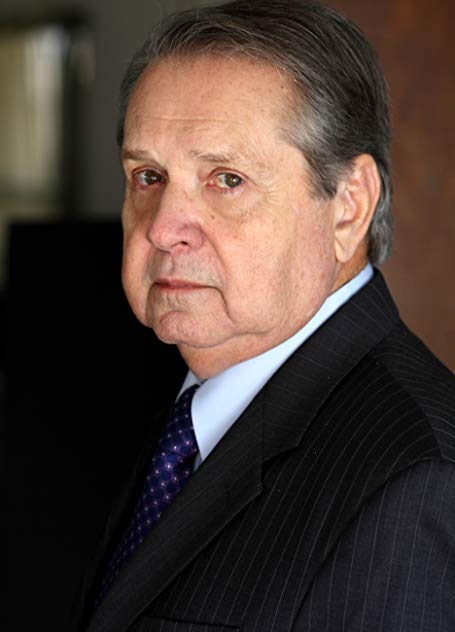 Kermit Rolison Kermit Rolison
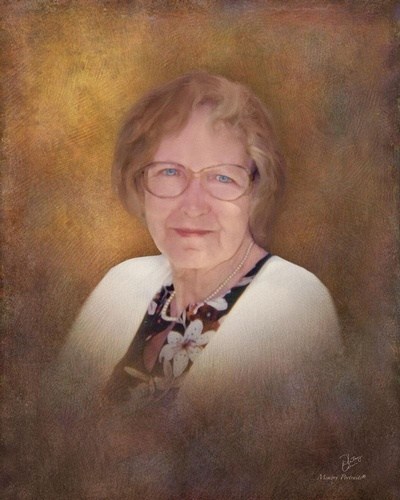 Obituary of Velma 
I.
 Davis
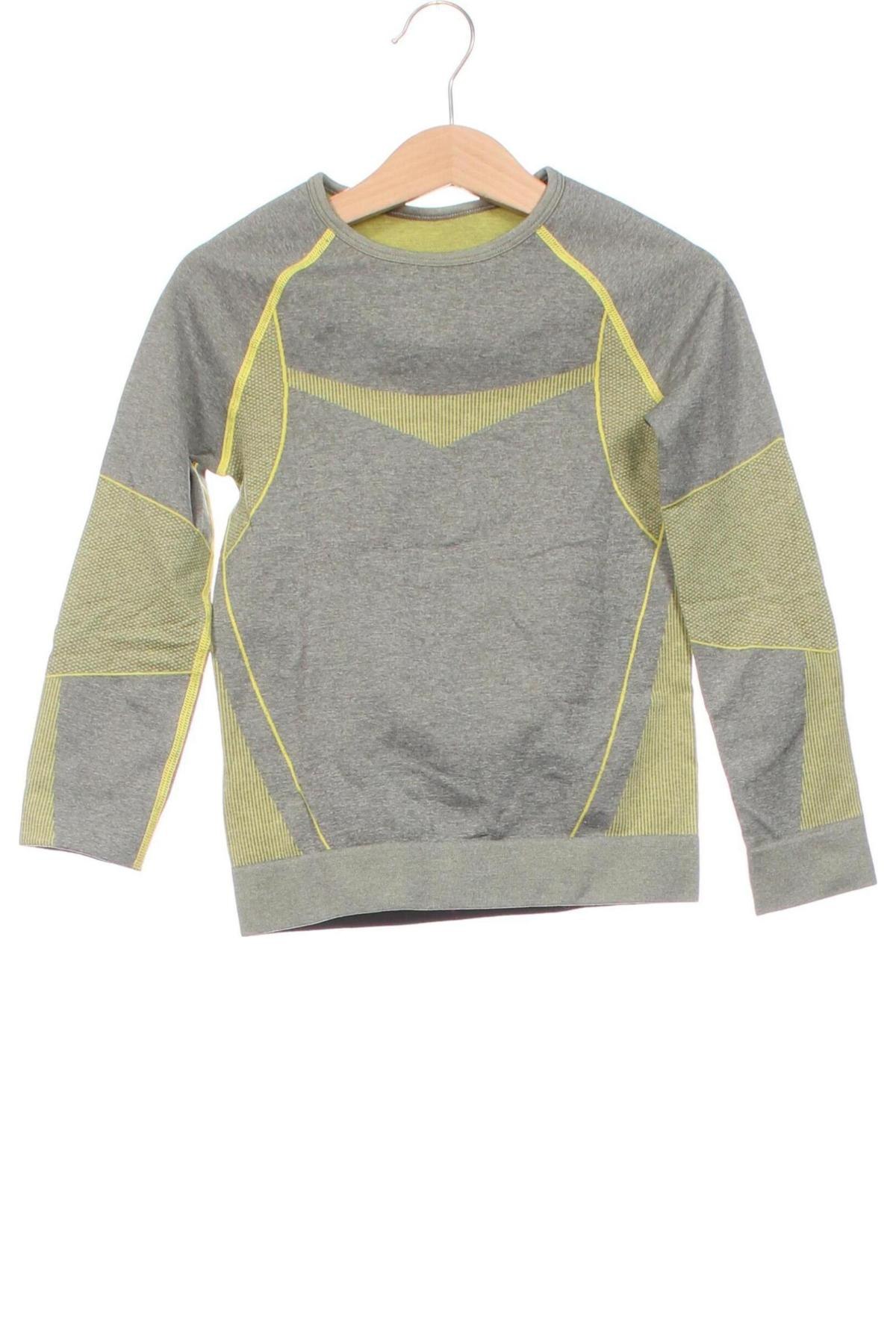 Kinder Shirt Lupilu, Größe 4-5y/ 110-116 cm, Farbe Grau, Preis € 9,99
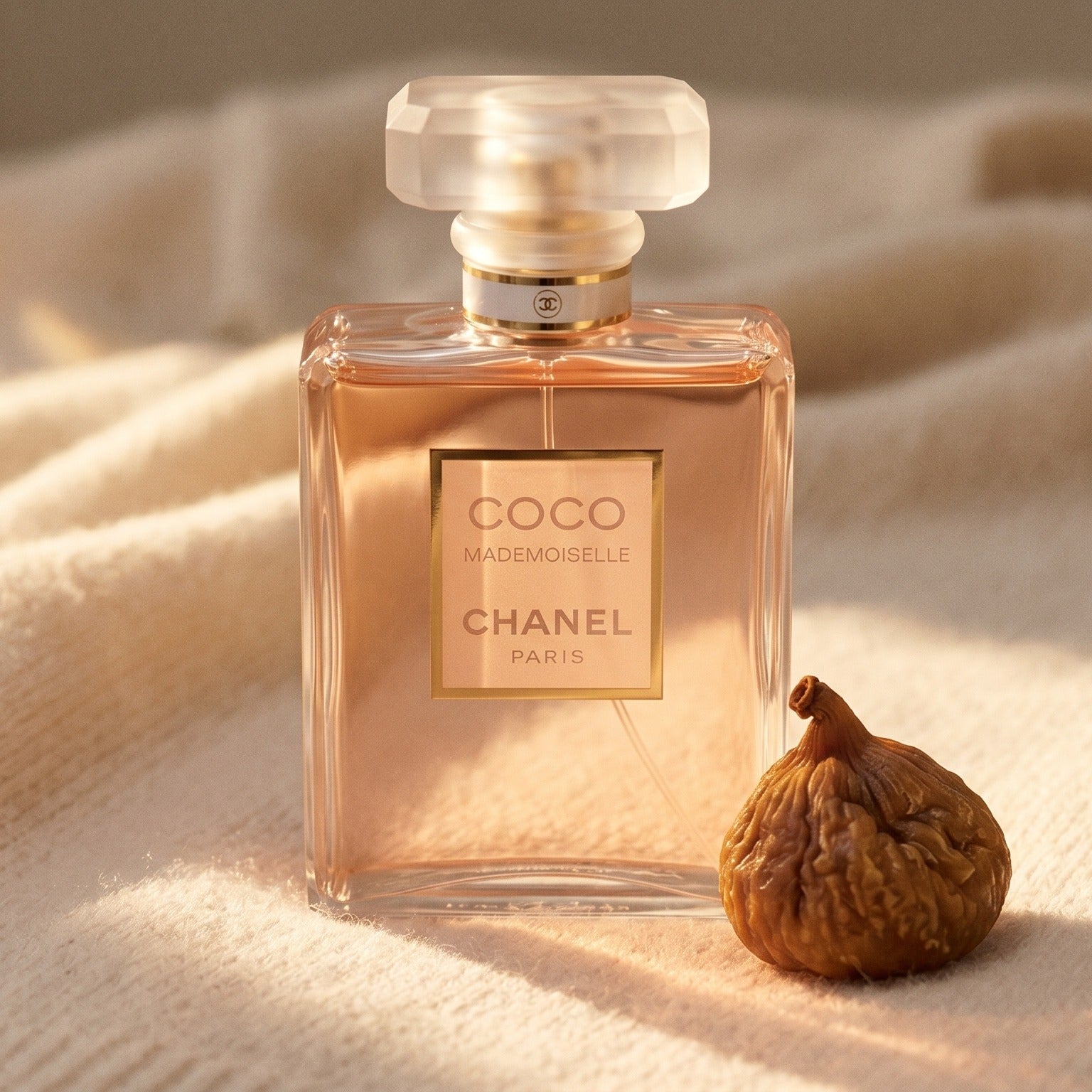 Chanel Coco Mademoiselle | Parfum Central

**About this exercise**:
Would you print the material exactly once more, without any of its pictures?

**Answer below**:
 Kermit Rolison Kermit Rolison
 Obituary of Velma 
I.
 Davis
 Kinder Shirt Lupilu, Größe 4-5y/ 110-116 cm, Farbe Grau, Preis € 9,99
 Chanel Coco Mademoiselle | Parfum Central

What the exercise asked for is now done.